Employees’ Misperception about their Rights
An interesting study shows that employees do not perceive to be employed at will. Pauline T. Kim, Bargaining with Imperfect Information: A Study of Worker Perceptions of Legal Protection in an At-Will World, 83 Cornell L. Rev. 105 (1997). The employees in such studies were presented with several descriptions of discharges of workers, identifying the reason for each discharge, and asking whether these discharges were lawful. The result showed a tendency that employees perceive to be better protected than they actually are by the employment at will doctrine and its exceptions in the respective states. They live under the impression that termination of their employment relationship is possible only for job-related reasons, which resembles much more the for cause rule than the at will doctrine that actually governs their employment. "Workers appear to systematically overestimate the protections afforded by law, believing that they have far greater rights against unjust or arbitrary discharges than they in fact have under an at-will contract." Kim, at 106.
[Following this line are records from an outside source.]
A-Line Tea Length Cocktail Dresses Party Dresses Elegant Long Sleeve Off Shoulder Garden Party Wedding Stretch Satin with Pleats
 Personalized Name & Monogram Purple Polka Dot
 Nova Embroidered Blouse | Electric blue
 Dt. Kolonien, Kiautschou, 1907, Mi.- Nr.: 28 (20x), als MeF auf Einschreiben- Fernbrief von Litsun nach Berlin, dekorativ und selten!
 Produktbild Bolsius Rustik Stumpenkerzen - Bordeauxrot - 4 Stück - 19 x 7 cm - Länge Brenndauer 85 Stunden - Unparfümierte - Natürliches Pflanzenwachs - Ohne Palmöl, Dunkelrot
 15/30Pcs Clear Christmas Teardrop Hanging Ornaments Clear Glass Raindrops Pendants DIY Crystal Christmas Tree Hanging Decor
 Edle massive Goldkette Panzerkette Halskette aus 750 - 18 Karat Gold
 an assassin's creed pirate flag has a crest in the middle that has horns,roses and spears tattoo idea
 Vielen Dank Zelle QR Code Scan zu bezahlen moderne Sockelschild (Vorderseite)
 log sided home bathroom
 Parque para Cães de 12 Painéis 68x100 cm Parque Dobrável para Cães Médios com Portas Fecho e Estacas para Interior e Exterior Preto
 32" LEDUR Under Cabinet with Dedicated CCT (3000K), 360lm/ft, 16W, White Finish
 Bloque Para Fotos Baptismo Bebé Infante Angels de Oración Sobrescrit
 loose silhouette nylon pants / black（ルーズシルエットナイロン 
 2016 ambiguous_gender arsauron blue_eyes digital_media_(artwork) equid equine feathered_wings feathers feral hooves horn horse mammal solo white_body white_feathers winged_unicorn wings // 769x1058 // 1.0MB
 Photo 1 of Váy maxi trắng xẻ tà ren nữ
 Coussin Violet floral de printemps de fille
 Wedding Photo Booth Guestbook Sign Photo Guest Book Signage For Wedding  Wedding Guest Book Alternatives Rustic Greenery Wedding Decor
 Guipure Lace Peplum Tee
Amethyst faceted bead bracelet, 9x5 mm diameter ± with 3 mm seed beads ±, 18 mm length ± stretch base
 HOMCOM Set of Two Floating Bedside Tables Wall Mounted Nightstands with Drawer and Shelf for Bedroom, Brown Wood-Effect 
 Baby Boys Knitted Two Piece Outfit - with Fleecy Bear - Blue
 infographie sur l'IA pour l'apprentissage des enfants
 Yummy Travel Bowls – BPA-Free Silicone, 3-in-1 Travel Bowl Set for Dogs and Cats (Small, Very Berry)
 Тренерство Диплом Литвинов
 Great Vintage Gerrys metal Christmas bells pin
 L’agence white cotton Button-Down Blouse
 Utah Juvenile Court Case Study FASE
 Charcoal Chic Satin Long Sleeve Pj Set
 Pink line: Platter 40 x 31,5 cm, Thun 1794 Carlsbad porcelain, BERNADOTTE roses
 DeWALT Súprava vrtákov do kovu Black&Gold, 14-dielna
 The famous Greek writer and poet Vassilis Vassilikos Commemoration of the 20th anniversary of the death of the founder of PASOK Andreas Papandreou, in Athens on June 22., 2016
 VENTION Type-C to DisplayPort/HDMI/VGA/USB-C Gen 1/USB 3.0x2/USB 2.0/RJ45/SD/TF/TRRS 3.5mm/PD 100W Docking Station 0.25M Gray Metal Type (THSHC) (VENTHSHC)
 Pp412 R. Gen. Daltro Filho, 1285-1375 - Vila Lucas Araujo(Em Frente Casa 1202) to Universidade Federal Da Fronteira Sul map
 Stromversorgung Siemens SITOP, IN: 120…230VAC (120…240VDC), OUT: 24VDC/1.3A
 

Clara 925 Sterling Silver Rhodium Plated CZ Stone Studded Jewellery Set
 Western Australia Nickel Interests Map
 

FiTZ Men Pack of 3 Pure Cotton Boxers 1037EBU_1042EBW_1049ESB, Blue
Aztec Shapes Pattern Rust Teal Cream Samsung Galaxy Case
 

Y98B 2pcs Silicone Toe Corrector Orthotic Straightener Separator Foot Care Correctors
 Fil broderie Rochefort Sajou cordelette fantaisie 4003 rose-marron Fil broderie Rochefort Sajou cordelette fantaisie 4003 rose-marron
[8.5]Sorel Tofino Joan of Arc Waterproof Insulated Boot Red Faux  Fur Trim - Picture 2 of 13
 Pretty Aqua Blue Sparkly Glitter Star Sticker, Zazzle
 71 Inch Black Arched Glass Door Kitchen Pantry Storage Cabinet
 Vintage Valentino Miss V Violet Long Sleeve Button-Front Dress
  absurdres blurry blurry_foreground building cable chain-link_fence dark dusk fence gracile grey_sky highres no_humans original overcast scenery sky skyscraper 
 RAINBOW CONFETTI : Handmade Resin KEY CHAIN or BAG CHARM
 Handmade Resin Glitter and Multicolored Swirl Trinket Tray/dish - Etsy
While it seems plausible in many areas that laymen do not know the exact legal rules due to a lack of information, this systematic misperception poses a puzzle. The goal of this blog post is to show to what extend this misperception can be explained by systematic errors and biases tied to the heuristics that employees use to evaluate the degree of their legal protection. Furthermore, I will draw conclusions on what that means for the employment at will doctrine.